Uzun zamandır radarımızda olmasından mı yoksa orjinal işlerle karşılaşmanın nadir durumundan mı bilmiyoruz ama Yonca Karakaş’ın ilk sergisi açması oldukça heyecan verici. “Şeylerin Anatomisi” 25 Şubat’a kadar Pg Art Gallery’de olacak. Şimdi ise hikayelerini dinleme zamanı.
Bu en zor soru! insanın kendini anlatması çok zorlayıcı ama anlatmam gerekiyor galiba… Öyle, çok cool bir duruşa sahip olduğum söylenemez; gülmeyi çok seven, bunun için ortam yaratan kimse olmasa bile kendime gülen biriyim. Eğer etrafımda samimi olmadığım insanlar varsa enerjimi sabitleyen biriyim ama bana çok yakın olan insanların yanında hiç durmadan hareket eden, saçma konular açıp bunun üzerine hararetli tartışmalar yapmaktan zevk alan biriyim.

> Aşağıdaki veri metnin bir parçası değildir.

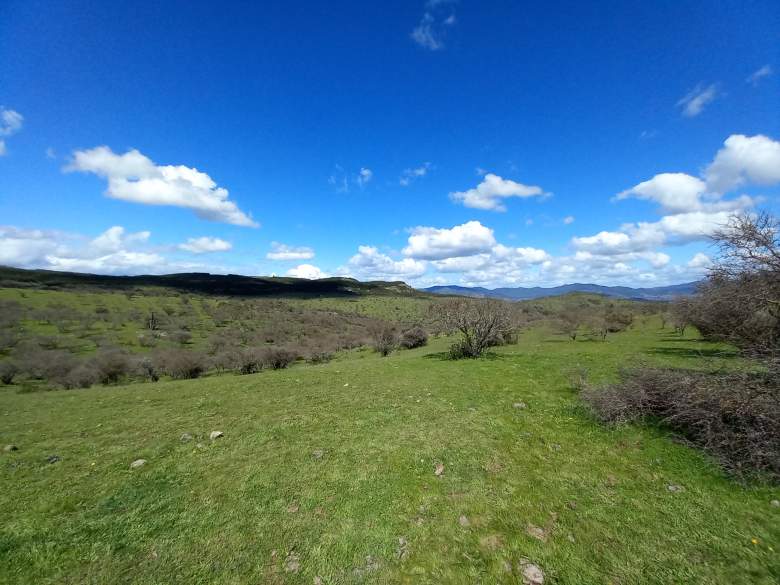 Venta Terreno Hualañé - Maule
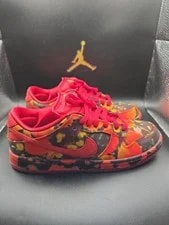 Nike SB Dunk Low "Wizard OF OZ" 2024 - Size 9 - Vnds 2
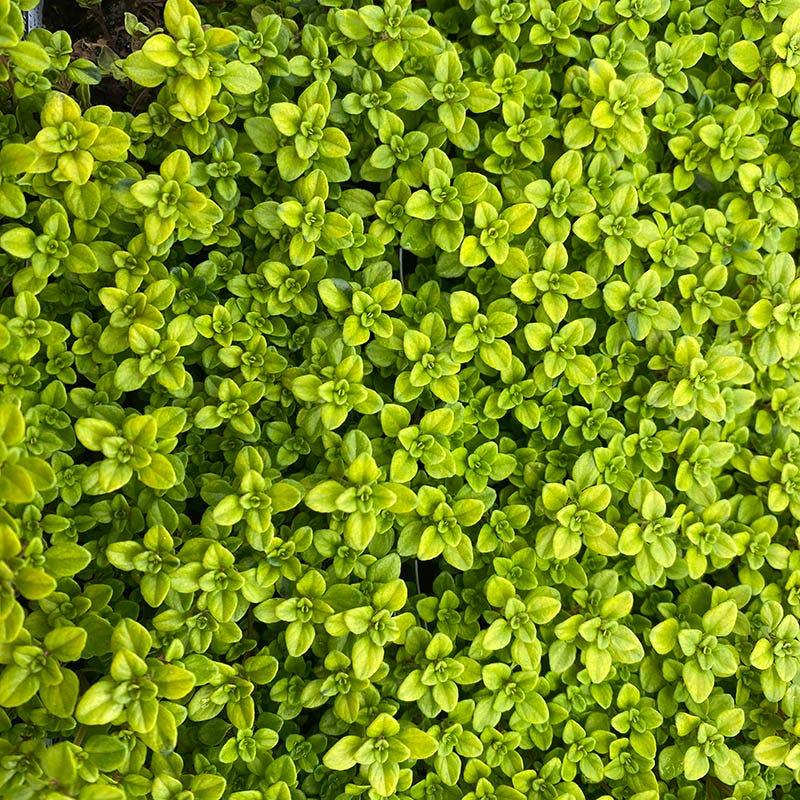 Archer's Gold Creeping Thyme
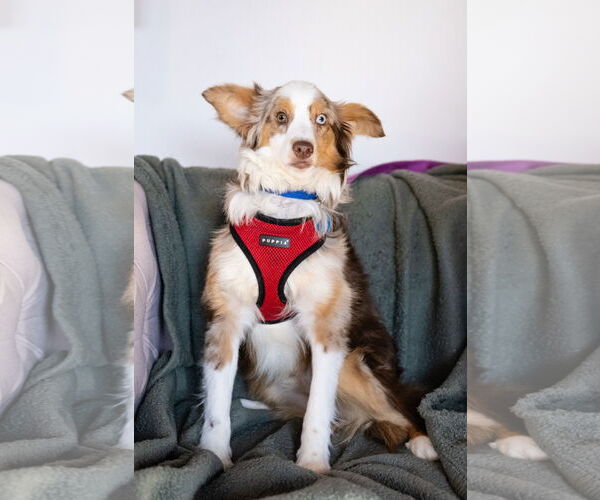Medium Photo #8 Australian Shepherd Puppy For Sale in St. Louis Park, MN, USA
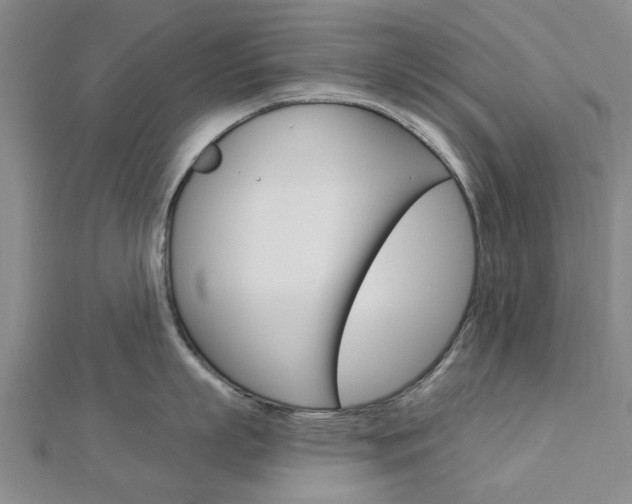 X0000112920863200908241029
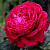 четыре ветра / rose des 4 vents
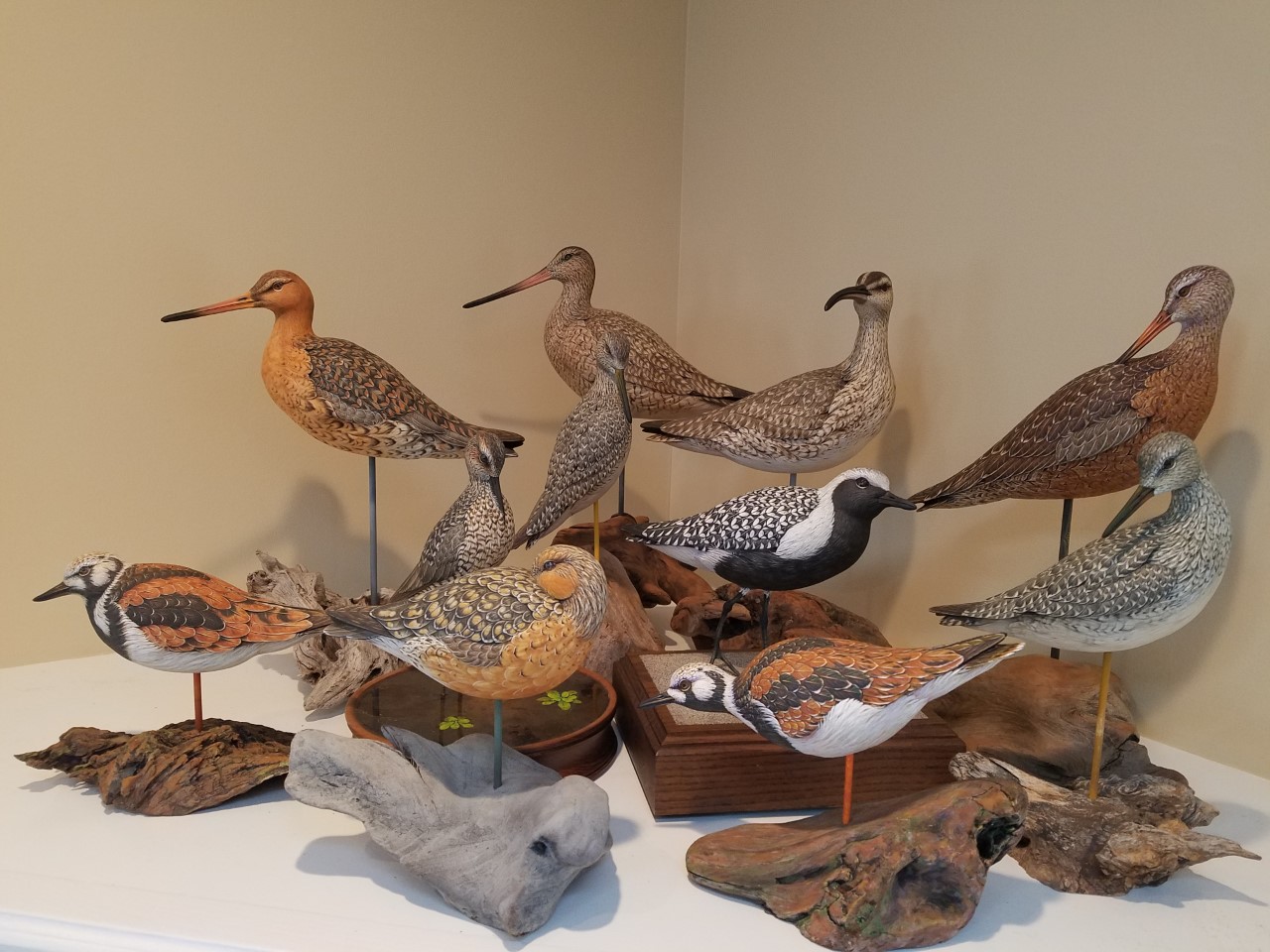 Tommy Stewart Shorebird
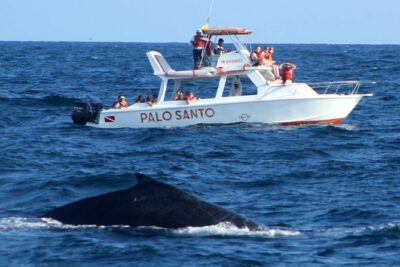 Full-Day Whale Watching Tour in Samana Bay from Cabeza de Toro - Pickup and Dock Setup: Where the Day Can Feel Smooth or Messy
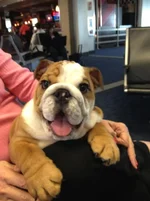 Roco Dallas airport.webp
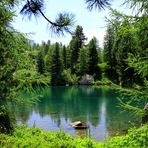 Idylle am Bergsee - erfrischende Abkühlung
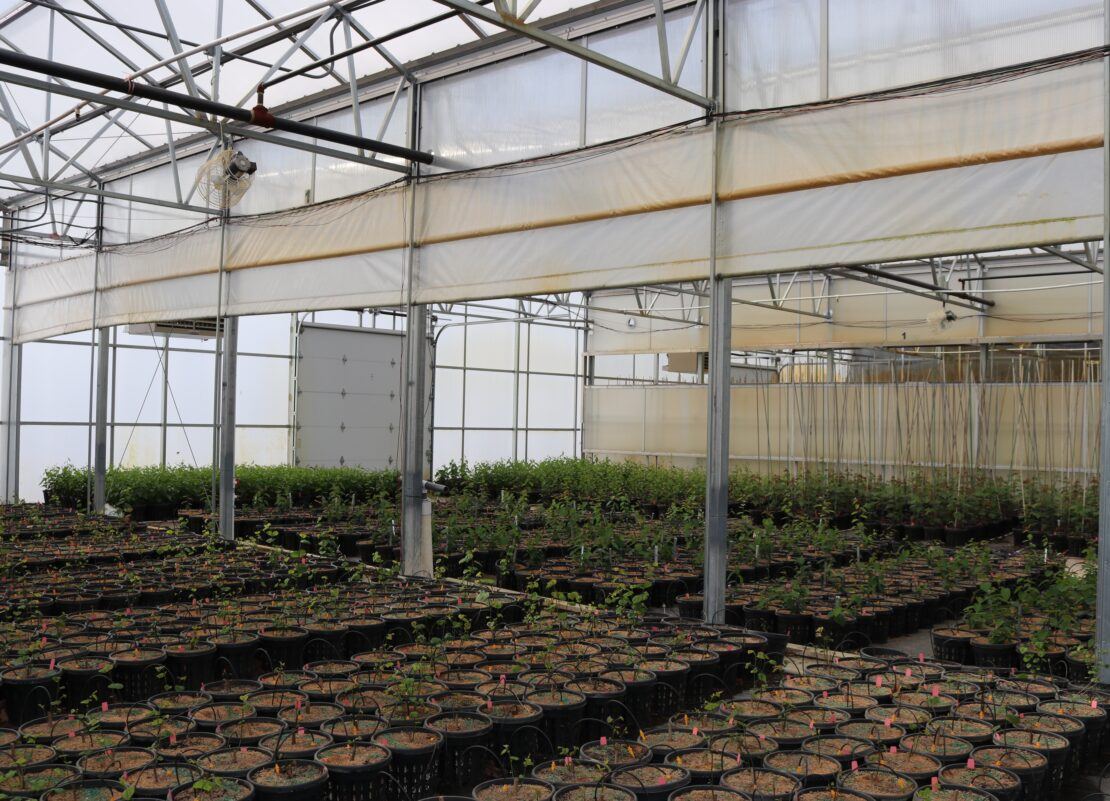 Interior wall partitions allow the greenhouse bay to be sectioned off.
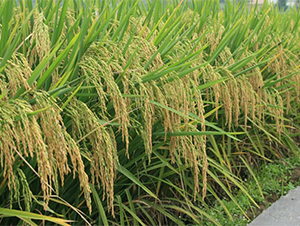 B��(y��u)268-ˮ���N��-�����r�I(y��)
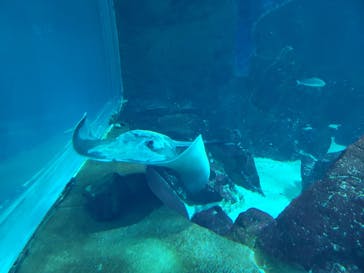 マリンワールド海の中道に投稿された画像（2023/4/2）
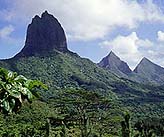 Moorea Mountains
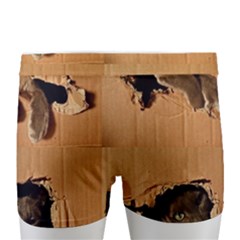 Men s Boxer Briefs 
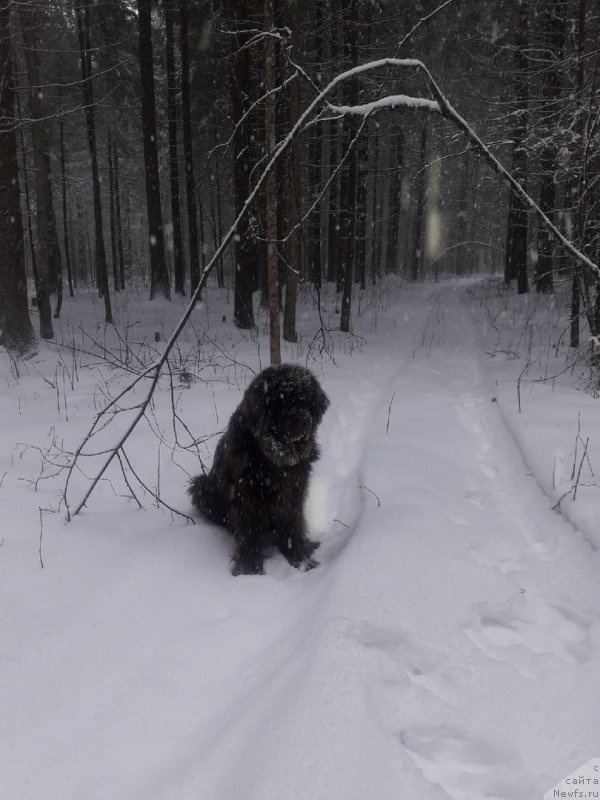 Фотография № 248276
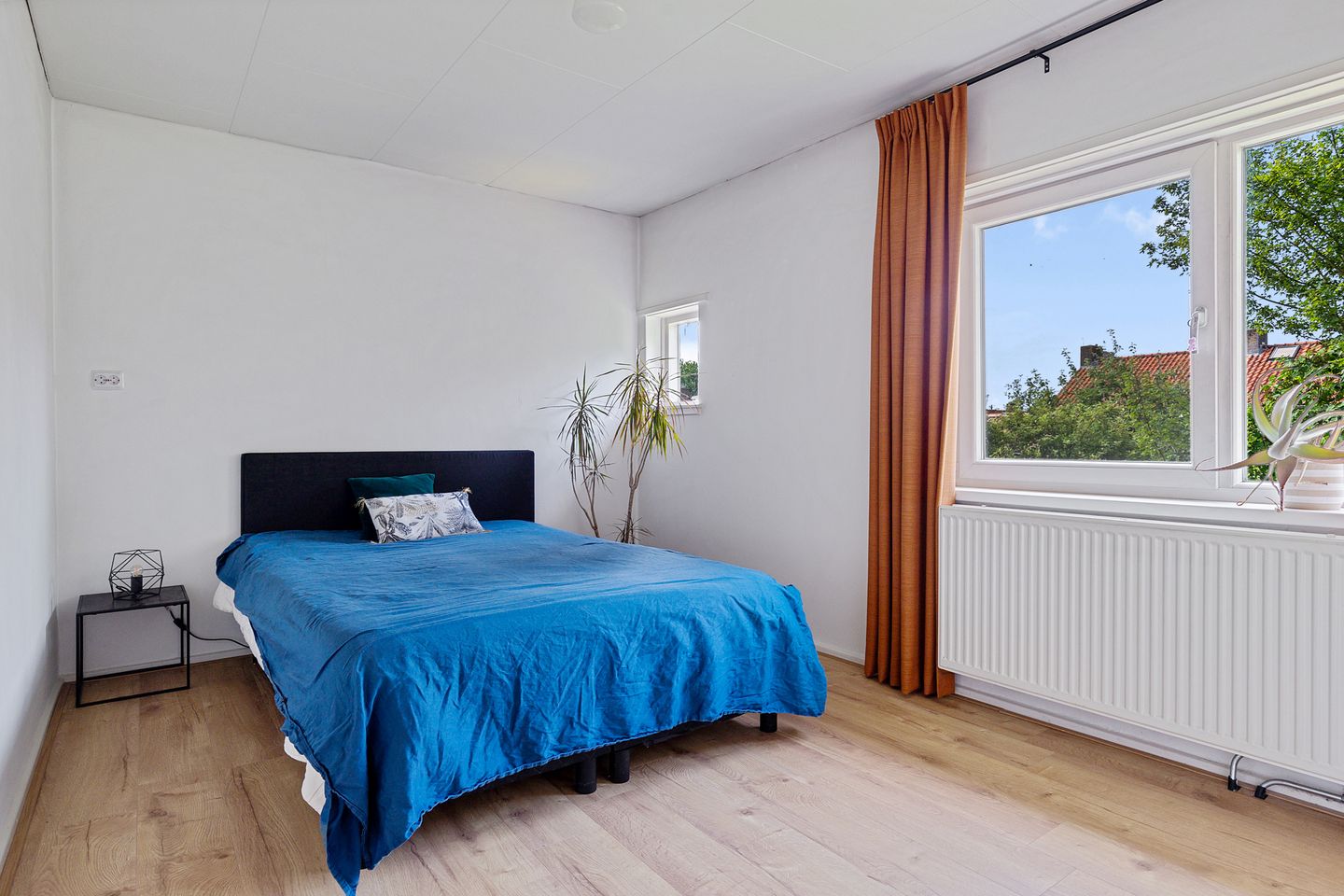 Photo 19 of Jachthondenstraat 61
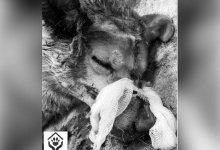 Забивший собаку до смерти палкой житель Усть-Каменогорска избежал наказания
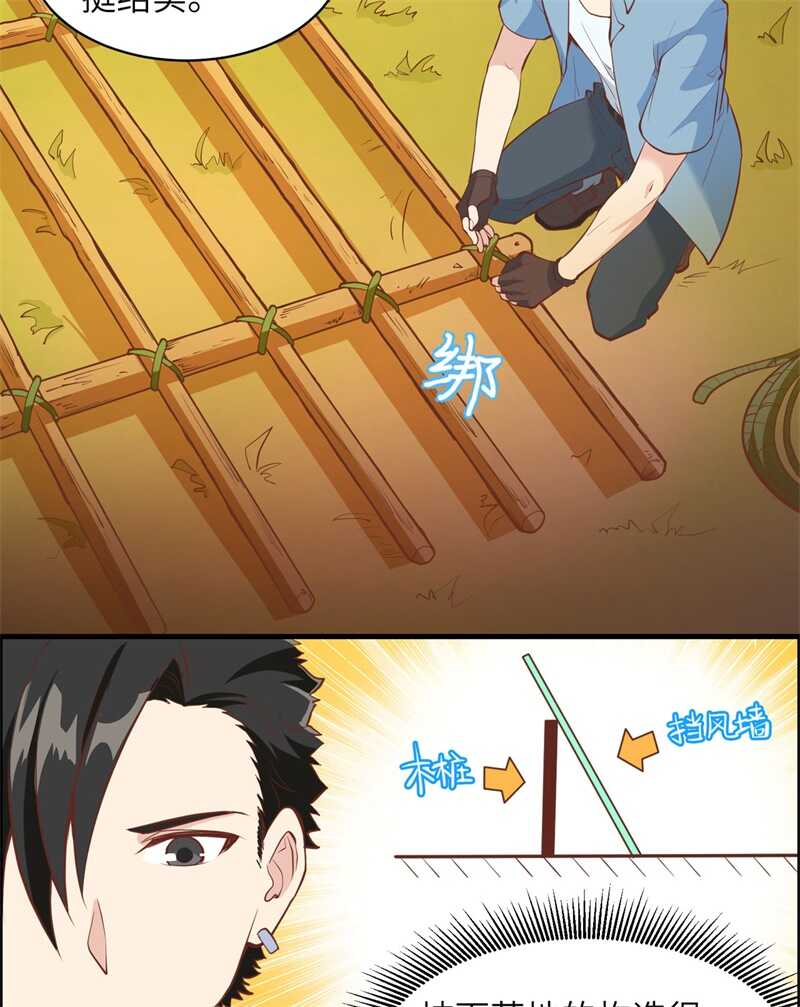 006搭建营地-我和妹子们的荒岛余生-青葶动漫（第29张）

Yonca Karakaş: Daha fazla yalnız kaldığın için hayal kurmaya daha çok vaktin oluyor herhalde. Bilmiyorum bunun tam olarak cevabı ne ama galiba ilginin dağılmaması… Bir düşünce var ve ilerlemesi gerekiyor; etrafında bulunan her şey seni bu düşünceden uzaklaştırabilir, sen de bir seçenek olarak düşüncenin ilerlemesiden yana yalnız kalmayı tercih ediyor olabilirsin. Belki durumum budur.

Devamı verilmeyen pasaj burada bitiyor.